Forms of Restrictive Covenants
There are two predominant forms of restrictive covenants, which are generally referred to as non-competition agreements and non-solicitation agreements. Non-competition agreements generally attempt to restrict several types of activities, such as performing the same job responsibilities for another existing competitor; starting up a new business that would be competitive to the employee’s current employer; and attracting clients or patients away from the employee’s current employer. Non-solicitation agreements, on the other hand, attempt to prevent current or former employees from soliciting other key personnel away from their employer, thereby depriving the business of a valuable asset.
Goals of Restrictive Covenants
Generally speaking, restrictive covenant agreements are used to protect the company’s future cash flows and value.
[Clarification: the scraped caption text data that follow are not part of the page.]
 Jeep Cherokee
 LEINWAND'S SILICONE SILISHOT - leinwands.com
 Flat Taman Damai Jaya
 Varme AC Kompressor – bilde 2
This is accomplished in two ways. First, covenants protect the company’s current client/patient base from being eroded by defecting employees. Since future revenues are critical to any business, protecting this valuable asset is critically important. It is generally much more expensive to develop new client relationships than it is to continue providing good service to existing ones.
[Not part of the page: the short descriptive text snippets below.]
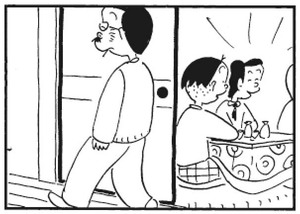 【無料漫画】かりあげクン(289)「クラブ」「コンピューターウイルス」圧力鍋を借りて料理するものとは?/植田まさし 27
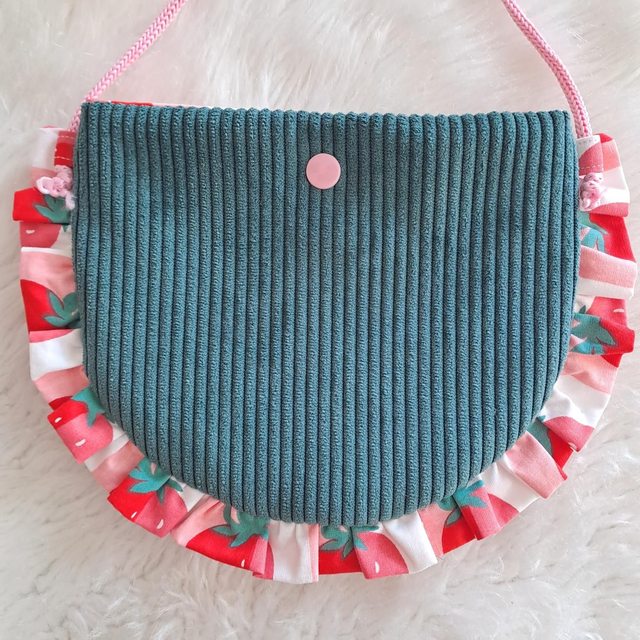 SAC BESACE ENFANT 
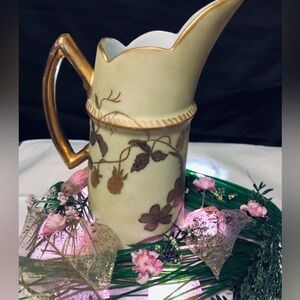 Antique French Porcelain Limoges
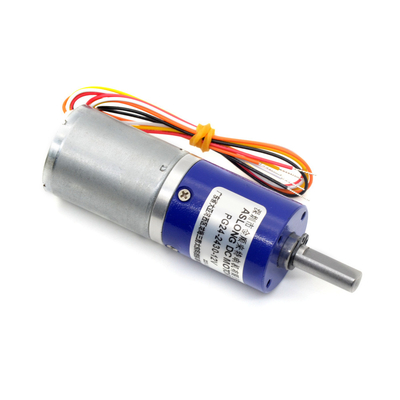 Планетарный безраспределительный двигатель PG24-2430 12v Dc Планетарный редуктор 12v Dc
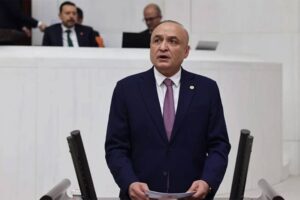 YENİ Parti milletvekiline bıçaklı saldırı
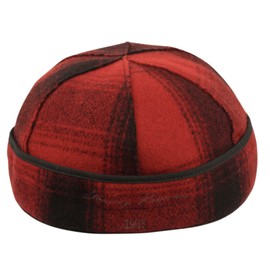 Stormy Kromer The Ida Kromer Cap - Premium Warmth for Cold Weather Wear, Fog, 6 5/8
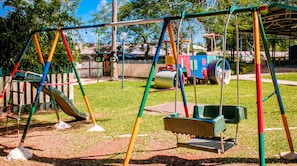 Children's play area - outdoor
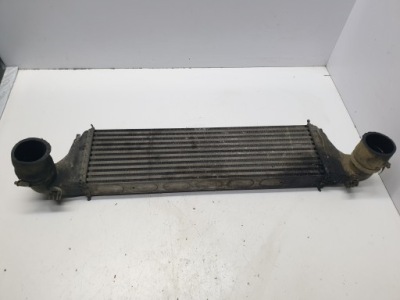 Интеркулер bmw x5 e53 3.0 d фото №1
The second way that restrictive covenants help protect the value of an organization is by protecting the significant investments that have been made in human capital. Retention of a well qualified and trained staff is critical to the success of any organization. This is especially true for service providers such as healthcare organizations. By prohibiting the solicitation of key employees, restrictive covenant agreements protect this valuable asset, which generally takes significant time and resources to develop.
Because of the financial significance of the above two items, restrictive covenant agreements generally include monetary penalty provisions in addition to requiring the individual to cease the offending activity. The financial penalty provisions are usually significant and can sometimes exceed the revenues lost or expenses incurred as a result of the violation.
Basis for Value
Due to the Stark laws and antikickback regulatory requirements, consideration paid by certain healthcare organizations, such as hospitals, to individuals with the ability to refer business, must generally be reflective of fair market value (FMV). Therefore, the amount paid as compensation for entering into a non-competition agreement where these rules apply should be based on the FMV of the covenant.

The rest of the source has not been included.